Ah ... tidak, ada satu kejanggalan di sini. Jika benar ia dijadikan sebagai seorang "pelayan malam", kenapa tidak ada yang berubah darinya? pakaiannya saja masih dapat dibilang utuh—yang ditanggalkan hanya sebatas mantel, sepatu dan tas kecilnya saja. Dari mulai baju dan celana panjang hitam yang ia kenakan masih melekat di tubuhnya. Dan lagi rambutnya tidak berantakan, bahkan seutas tali yang ia gunakan untuk mengikat sebagian rambutnya masih berada di tempatnya. Benar-benar aneh.
"Apa yang kau inginkan?" tanya gadis itu tanpa basa-basi. Tatapan dan nada suaranya juga berubah jadi lebih serius.
Mendengar pertanyaan si gadis, pria itu langsung terkekeh, "Sebelum bertanya, bukankah lebih baik kita saling memperkenalkan diri, Nona?"
Sebelah alis gadis itu terangkat, "Memang apa gunanya berkenalan? Seandainya kau tahu namaku juga, aku yakin besok kau sudah melupakannya."
"Hmm ... tidak juga. Ada kemungkinan jika aku akan terus mengingat namamu." pria itu tersenyum lantas mengulurkan tangan kanannya, "kau bisa memanggilku Roberts."
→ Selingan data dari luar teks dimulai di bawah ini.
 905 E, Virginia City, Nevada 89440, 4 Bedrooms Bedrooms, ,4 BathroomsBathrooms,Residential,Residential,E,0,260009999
Gadis itu mengerjap pelan, terkejut karena nada bicaranya terdengar cukup sopan untuk ukuran seorang perompak. Tidak hanya sikapnya saja, dari segi penampilan, Roberts tergolong rapi dan lumayan menawan. Ia mengenakan pakaian formal yang terdiri dari atasan kemeja putih dan bawahan berupa celana merah marun dengan boots hitam. Berkulit gelap dan rambut hitam agak berantakan serta sepasang manik berwarna biru cerah. Kedua tangannya mengenakan sarung tangan hitam dan liontin berbentuk salib emas berukuran cukup besar melingkar di lehernya. Coba pikir, sudah berapa wanita yang pernah terpesona olehnya?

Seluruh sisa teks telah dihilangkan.